Rugby Coaching Blog | Professional Rugby Advice & Coaching

Why Martin Johnson’s appointment provides you with the key to activate your rugby coaching by David Clarke

Few will disagree that it is sad that Brian Ashton is leaving the England rugby coaching set up. Given a pretty tough situation to start with, he is still able to show us two runner’s up medals: one from the World Cup and the other from this year’s Six Nations.

But change was always been coming and though the manner of the change has been ham-fisted, the transformation is important. Not just for England, but also for you as a coach.

Martin Johnson, the former England World Cup winning rugby captain, arrives with no formal rugby coaching qualifications or the experience of managing a team.

What he does bring it something you can use yourself to move your coaching output ahead.

Before I tell what it is, I want you remember the man in question.

He is big. He towers over most people and many players.

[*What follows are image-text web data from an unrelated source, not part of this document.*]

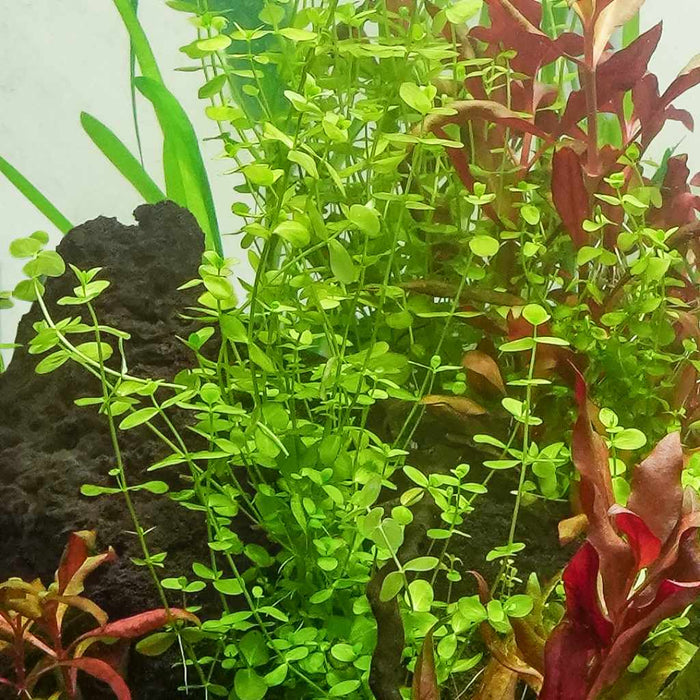 Baby Tears - Aquarium Co - Op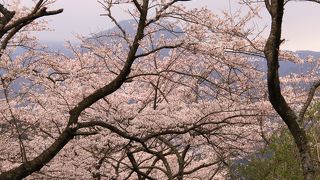 別荘地の桜並木がすばらしい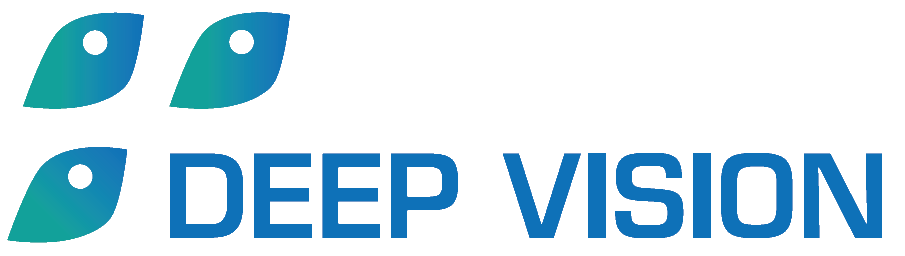 Deep Vision logo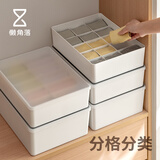 懒角落 收纳盒内衣收纳盒有盖塑料抽屉整理箱文胸内裤袜子收纳箱  带盖-内裤盒【10格】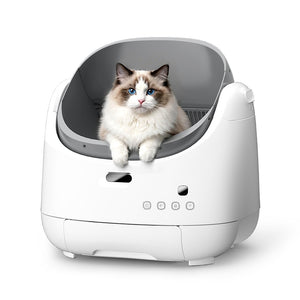 Elspet Open Top Self-Cleaning Cat Litter Box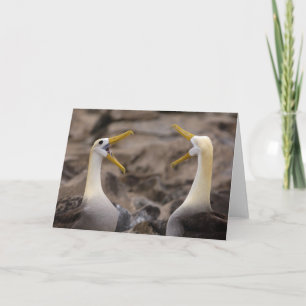 Wellenalbatros (Phoebastria irrorata) Paar Karte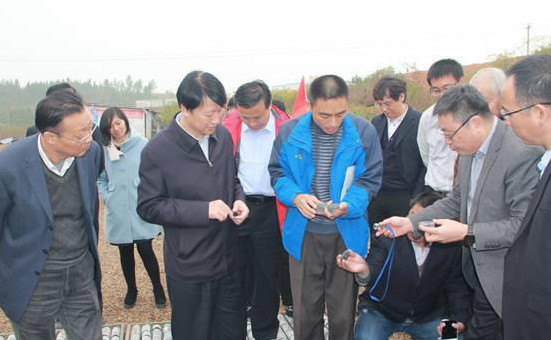 安徽宁国发觉5亿吨页岩油储量 代价约1575亿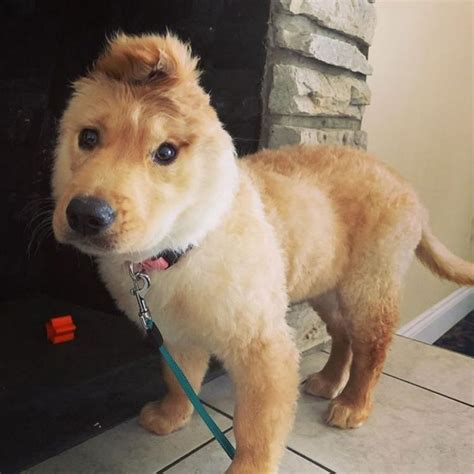 Ce chiot a une seule oreille à cause dune blessure à la naissance et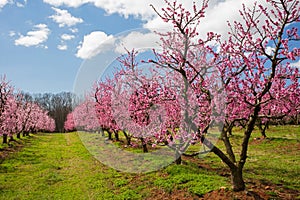 Peach Orchard in Bloom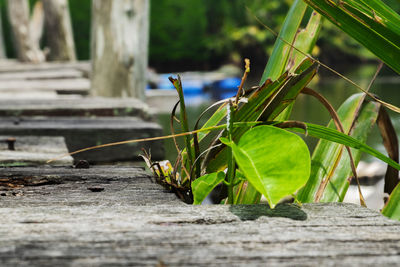 Close-up of lizard on wood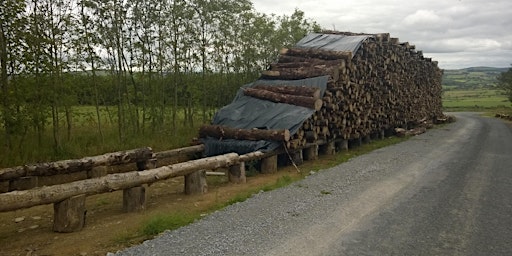 Site visit organized by WFQA/IrBEA: Exploring wood fuel drying - Limerick  primärbild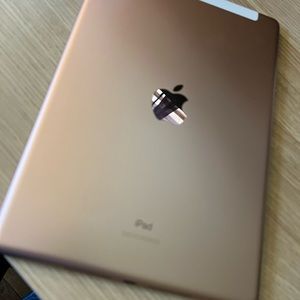 7th Gen iPad. 32GB-Rose Gold Wi-Fi+cellular. Sprint/T-Mobile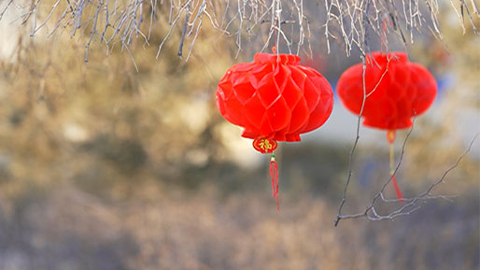新春走軍營 | 爸媽，我在這里挺好的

He never took a step backwards on the pitch and rarely off the pitch. This meant his word was the final word, to a team mate, opposition player or even the referee.

He led from the front and took on all comers, sometimes over aggressively. He would front the charge from the kick off, often beating the winger to the catcher.

So what can we all learn from “Johnno” ? It is that unswerving belief in yourself and your goals can carry you over many rough paths. It creates momentum, it pulls others with you and it doesn’t care about the setbacks.

I have just completed part II of a series on what we can learn from one of the world’s most success sports coaches, John Wooden, for the next Rugby Coach Newsletter. He would see Johnson as one of the main building blocks in his Pyramid of Success, based on his intention.

Do you have that personal belief? Can you reaffirm your goals with greater rigour? Then you might just find you have energised yourself and, as a happy consequence, your team.

I believe Johnson’s belief will do the same for the England rugby team.